GRIZZLY PEAR

written snapshots

Category: Notes

  • Henri Matisse Cut-outs, text by Gilles Neret, published by Taschen, 1994

    I took an art criticism class in my first semester in college that introduced me to John Berger and Matisse’s Woman with a Hat. I don’t remember anything from my essay, aside spending a considerable amount of time at the gallery at the SF MOMA and noticing the color imperfections on different reproductions of this image.

    Those afternoons at the gallery are among the few warm memories of a tumultuous year.

    As for this little book, I vaguely recollect picking it up in Houston, without actually reading it. So about almost-quarter century after my introduction to Matisse, I finally read something about the man.
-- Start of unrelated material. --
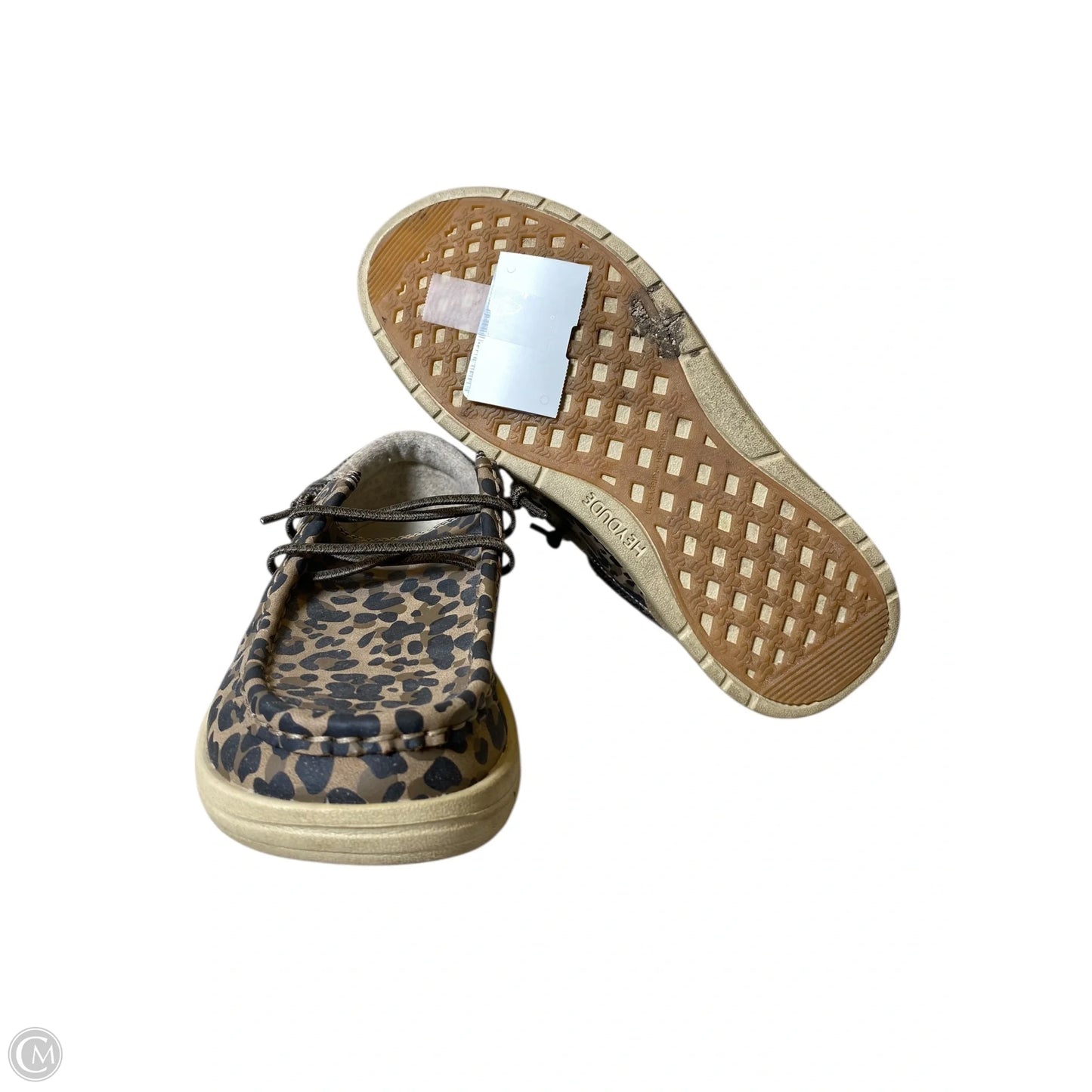 Shoes Flats By Hey Dude In Animal Print, Size: 6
    The book is fine, maybe a little small, but a succinct overview of the final period in his life. The writing is straightforward, but not simplistic. Now that I live in Vegas, the home of zero institutions of high art, I can’t be picky about reproduction colors, but I’ll attest that the printing is bright and vibrant.

    It was a strange experience to read the last chapter of an artist’s life with no knowledge of him outside of staring at a single piece that he painted at the start of his career.

    If I were to pursue it further, I’d need to pick up a good biography (which I most likely won’t do), but I almost certainly will purchase his own monograph Jazz which collected many of his cutouts.

    I generally prefer artist monographs over publisher collections, since those books are usually a journey, not merely a collection of highlights.

    However, highlights are famous for a reason, and I will be ever grateful for this little collection because it showed me this melancholy masterpiece. The Sorrow of the King.

  • Taking Things Seriously, Joshua Glenn & Carol Hayes, 2007

    This book is a cute collection of 75 nano-nonfictions. Little windows into the lives of the contributors, revealing a larger window in to the authors’ realities.

    I have a standard critique of NPR radio programming that gets overless precious, and many essays comes close to crossing the line, but the photographs ground the collection.

    Whatever the text may emote, the image of a “thing” to keeps the pairings from falling into pure sentimentality.

    It’s a fun quick read, but I wouldn’t go out of my way to find it.

    I have a note in the front cover that I got it from Half Price books on 28 November 2008. So I suspect this was pick up on one of the two Black Friday’s where I ended up winning a $200 gift cards from that store.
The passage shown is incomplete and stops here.